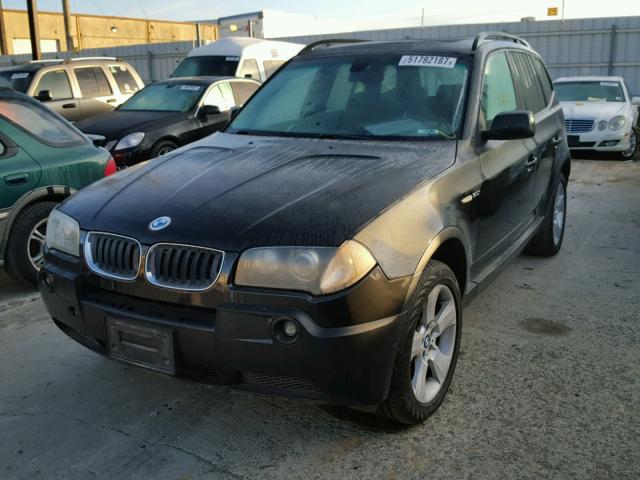 WBXPA93494WC31812 - 2004 BMW X3 3.0I BLACK photo 2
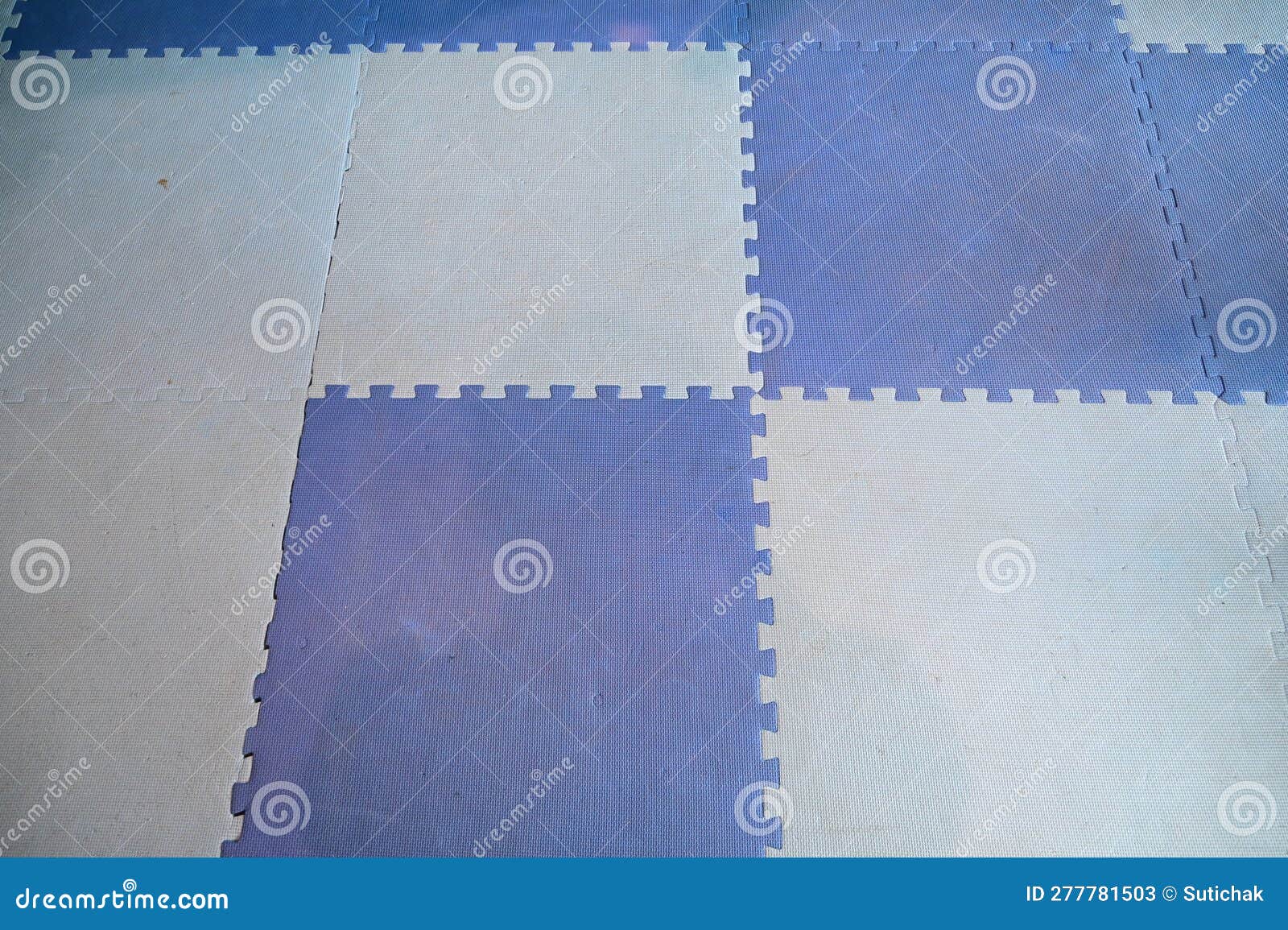 White and Blue Play Mats for Indoor Activity Stock Image Image of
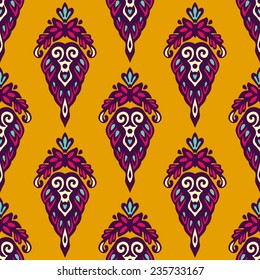 Luxury Damask flower seamless vector for fabric and gift wrap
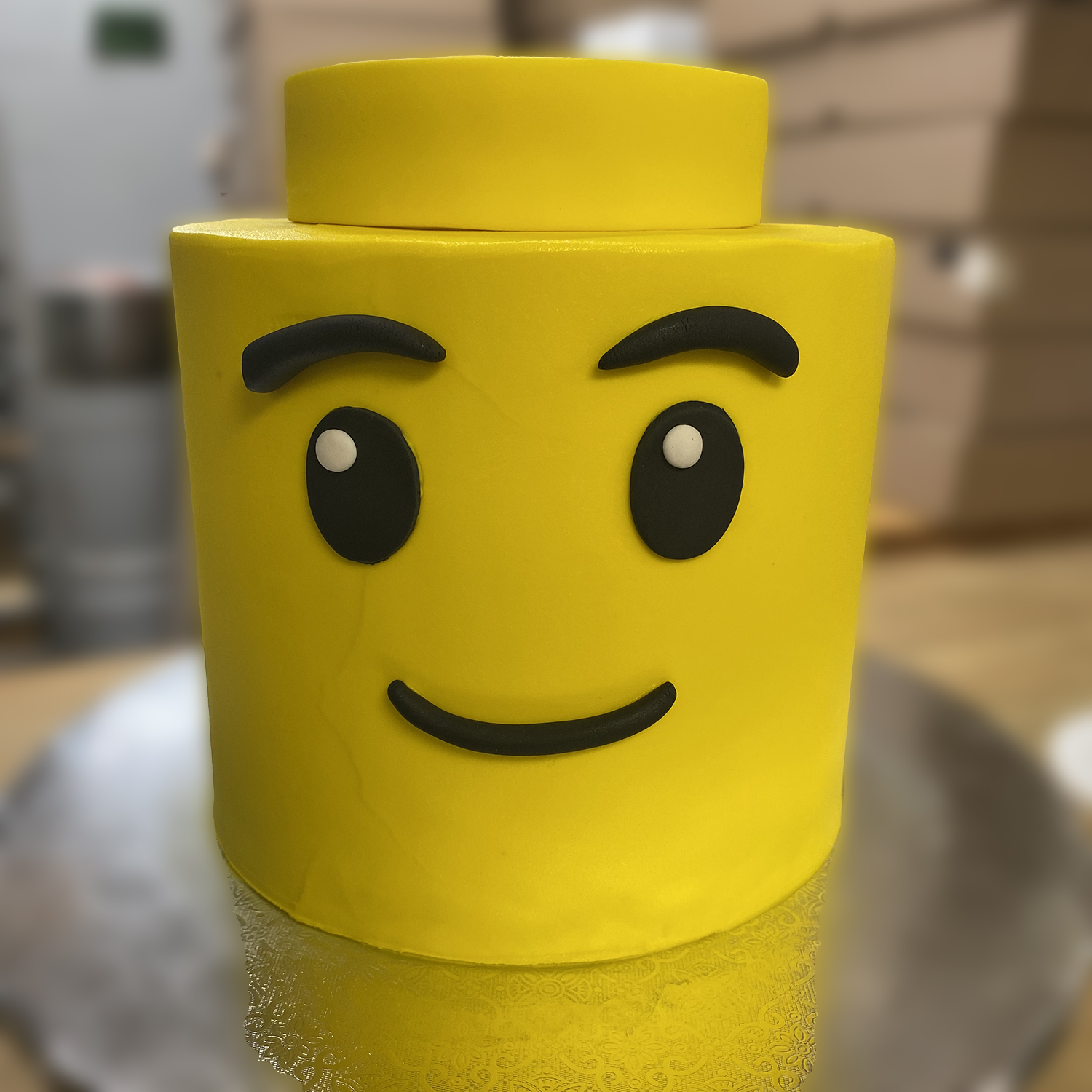 Yellow Lego Cake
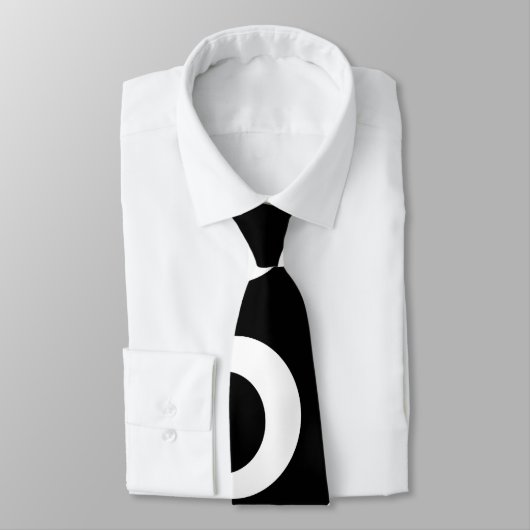 Trendy zwart-wit retro ontwerp. Douane Stropdas (Gebonden)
══════════════════════════════
## About this exercise
Transcribe each record above exactly, leaving every picture out of the copy.

## Exercise response
 WBXPA93494WC31812 - 2004 BMW X3 3.0I BLACK photo 2
 White and Blue Play Mats for Indoor Activity Stock Image Image of
 Luxury Damask flower seamless vector for fabric and gift wrap
 Yellow Lego Cake
 Trendy zwart-wit retro ontwerp. Douane Stropdas (Gebonden)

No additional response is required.